The Problem

Some time ago I received an email from Let’s Encrypt on the email address I had used to register my certbot client with.

According to our records, the software client you’re using to get Let’s Encrypt TLS/SSL certificates issued or renewed at least one HTTPS certificate in the past two weeks using the ACMEv1 protocol. Here are the details of one recent ACMEv1 request from each of your account(s):

Client IP address: xxx.xxx.xxx.xxx

User agent: CertbotACMEClient/0.23.0 (certbot; Ubuntu 18.04.3 LTS) Authenticator/webroot Installer/apache (run; flags: ) Py/3.6.8

Hostname(s): “www.subdomain.mydomain.com”,”subdomain.mydomain.com” … “subdomain.mydomain.co.uk”

Request time: 2020-01-29 19:51:50 UTC
Beginning June 1, 2020, we will stop allowing new domains to validate using the ACMEv1 protocol. You should upgrade to an ACMEv2 compatible client before then, or certificate issuance will fail. For most people, simply upgrading to the latest version of your existing client will suffice.

It turns out it was not as simple as I or the above email thought it would be…

Debugging

Useful information when debugging your Let’s Encrypt installation:

  • Find your Let’s Encryp log files at /var/log/letsencrypt/letsencrypt.log
  • Using the timestamp from your warning email find the call corresponding to your renewal, verify it is indeed using the V1 API calls.

Upgrading

For some reason it seems that my installation had become broken when I saw these messages in my log files:

2020-03-09 20:15:06,019:WARNING:certbot.renewal:expected /etc/letsencrypt/live/www.subdomain.mydomain.com/cert.pem to be a symlink

2020-03-09 20:15:06,019:WARNING:certbot.renewal:Renewal configuration file /etc/letsencrypt/renewal/www.subdomain.mydomain.com.conf is broken. Skipping.

I ran --reinstall on my certbot instance against the legacy V1 API to reinstate my certificate symlinks and apache configuration files.

Now for the upgrade itself.

  • apt-get install --upgrade-only certbot to upgrade your certbot installation
    • Then you can re-run your renewal or your installation depending on how close to your certificate expiry you are.
  • As the production version of LetsEncrypt is rate limited you’ll want to test it out on the staging environment first using the dry-run command:
    • --dry-run -i apache -a webroot -d www.subdomain.mydomain.com -w /var/www/mysite/

At this point you may see the following error in your logs:

Link: https://acme-staging-v02.api.letsencrypt.org/directory;rel=”index”
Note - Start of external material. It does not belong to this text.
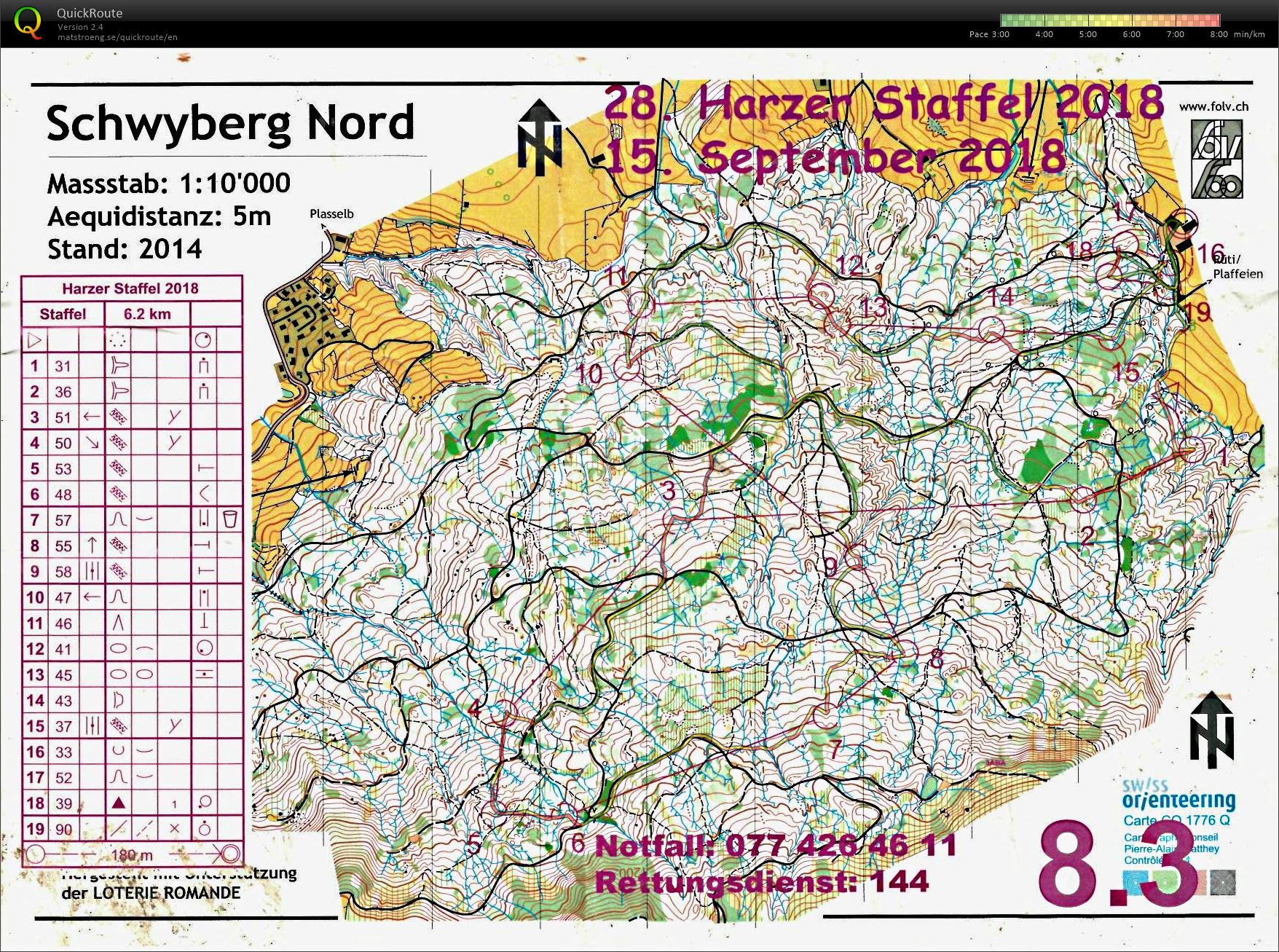 Harzer Staffel (15-09-2018)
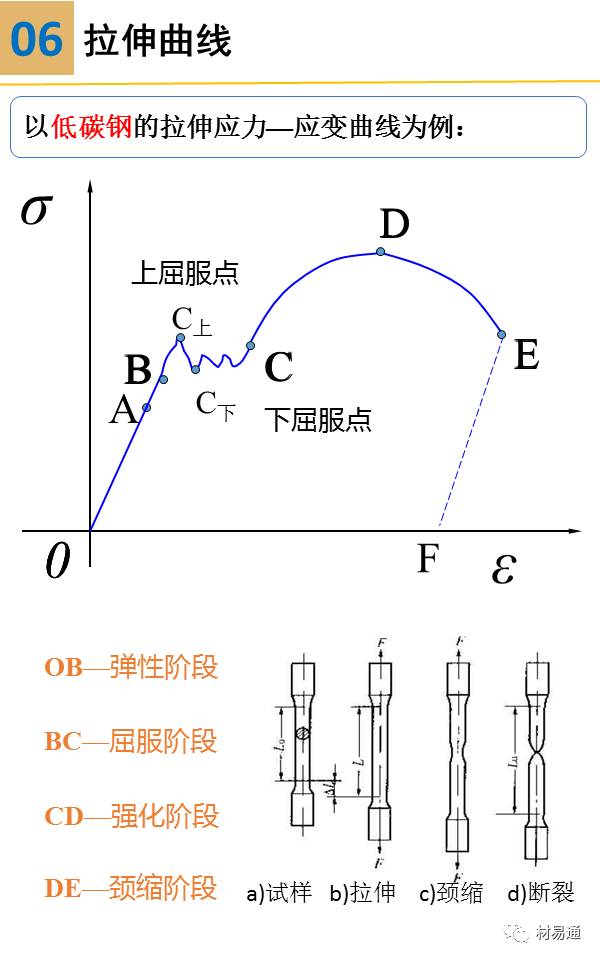 钢筋拉伸试验曲线图图片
b’{\n “type”: “urn:ietf:params:acme:error:malformed”,\n “detail”: “Method not allowed”,\n “status”: 405\n}’

  • Run apt-get install --upgrade-only python3-acme to update the python3-acme package which solves the *Method not allowed** error you may get on staging.

Now you should be able to rerun the dry-run successfully.

/etc/letsencrypt/accounts/ will have directories listing the accounts you’ve used, the API versions are in the names of these accounts, if you have acme-v02.api.letsencrypt.org then you’ve been successful.

Summary

I had to upgrade more than just my certbot client:

  • python3-acme was at 0.23.0-1, upgraded to 0.31.0-2
  • certbot was at 0.23.0-1, upgraded to 0.27.0-1

Also it helps to verify that your installation for V1 is still working as expected too.